Short descriptive text snippets:
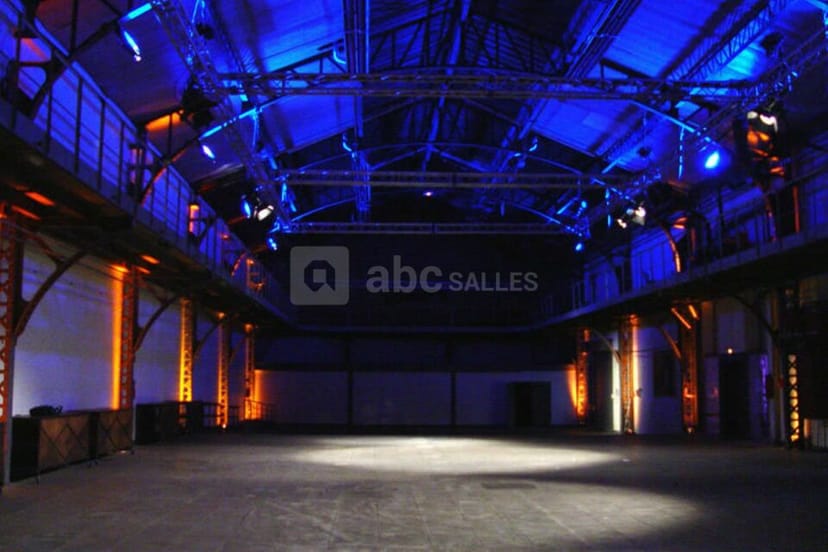 Cour Carrée venue with high ceilings, ideal for conferences and receptions.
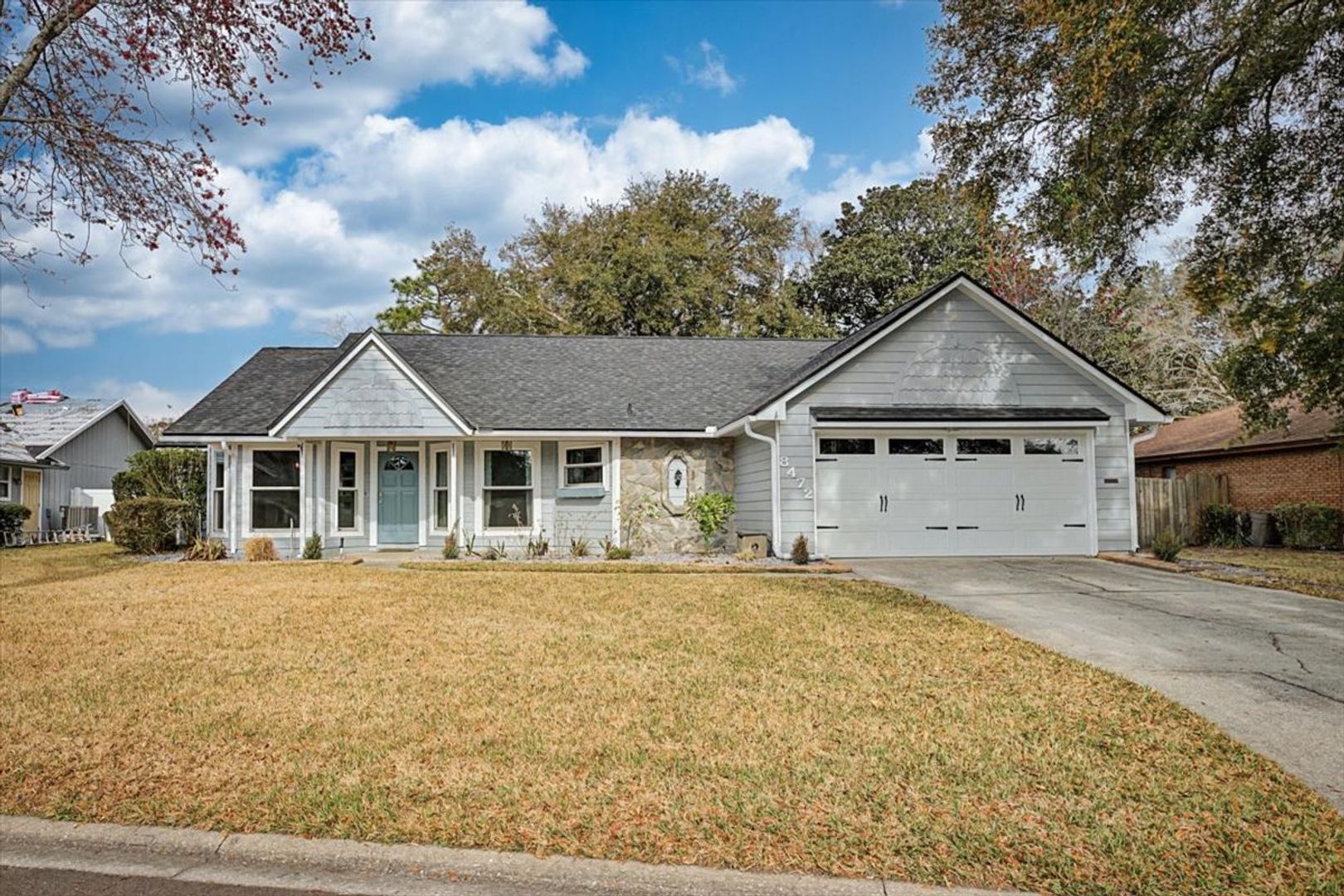 Jacksonville House: 8472 Bandera Circle West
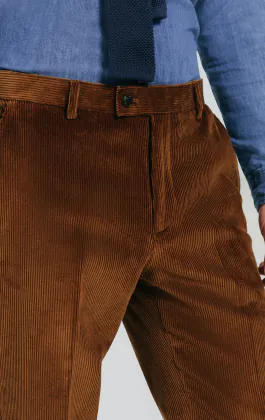 Mittelbraun Cordhose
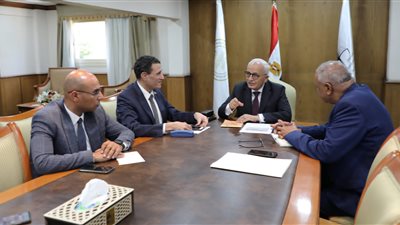 حجازى يستعرض شروط اختيار فريق وطنى للمشاركة بخطة تطوير التعليم طويل المدى باليونسكو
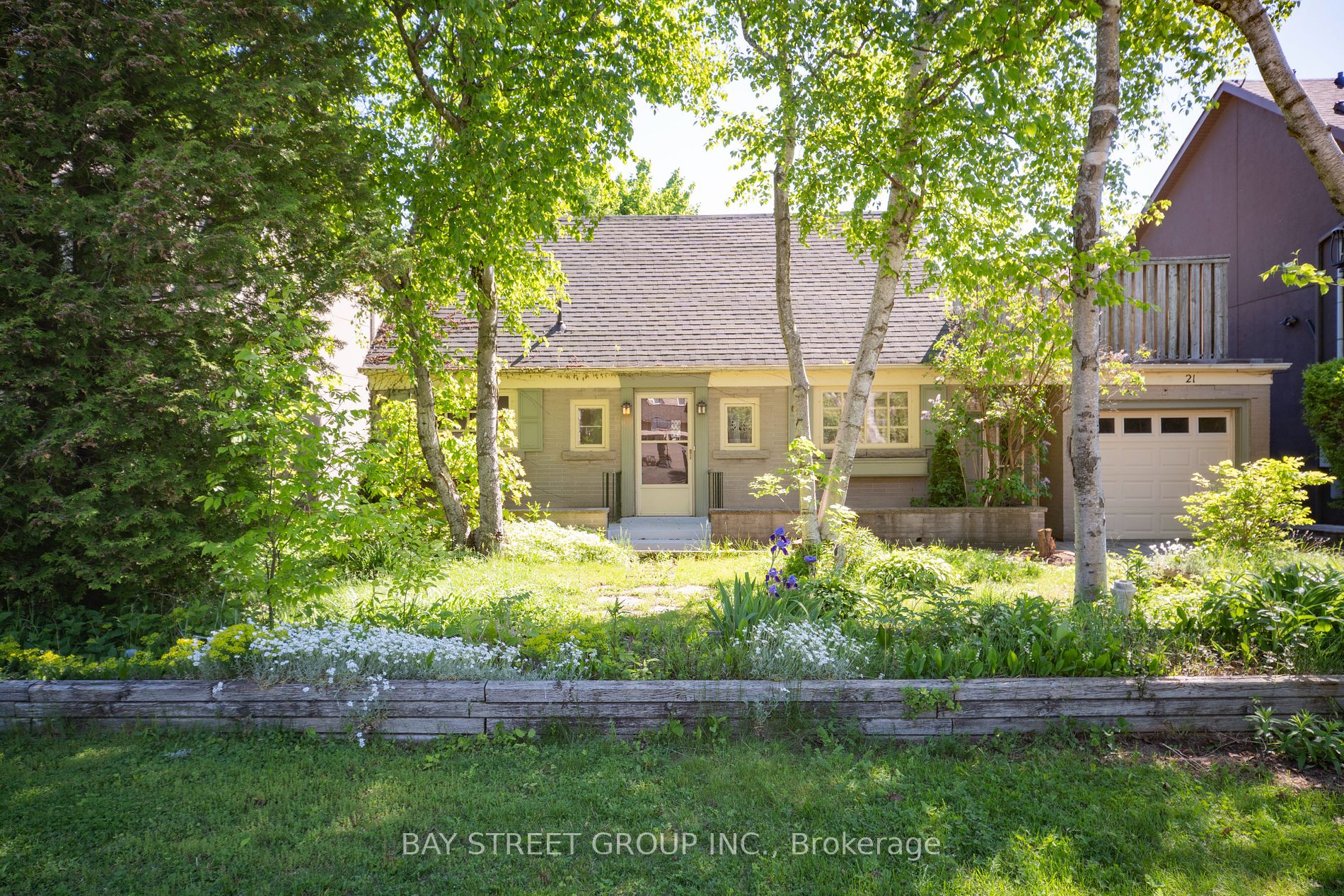 21 Fenwood Heights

Exercise description.
Without the pictures, return the records above exactly as given.

Solution for this problem.
 Cour Carrée venue with high ceilings, ideal for conferences and receptions.
 Jacksonville House: 8472 Bandera Circle West
 Mittelbraun Cordhose
 حجازى يستعرض شروط اختيار فريق وطنى للمشاركة بخطة تطوير التعليم طويل المدى باليونسكو
 21 Fenwood Heights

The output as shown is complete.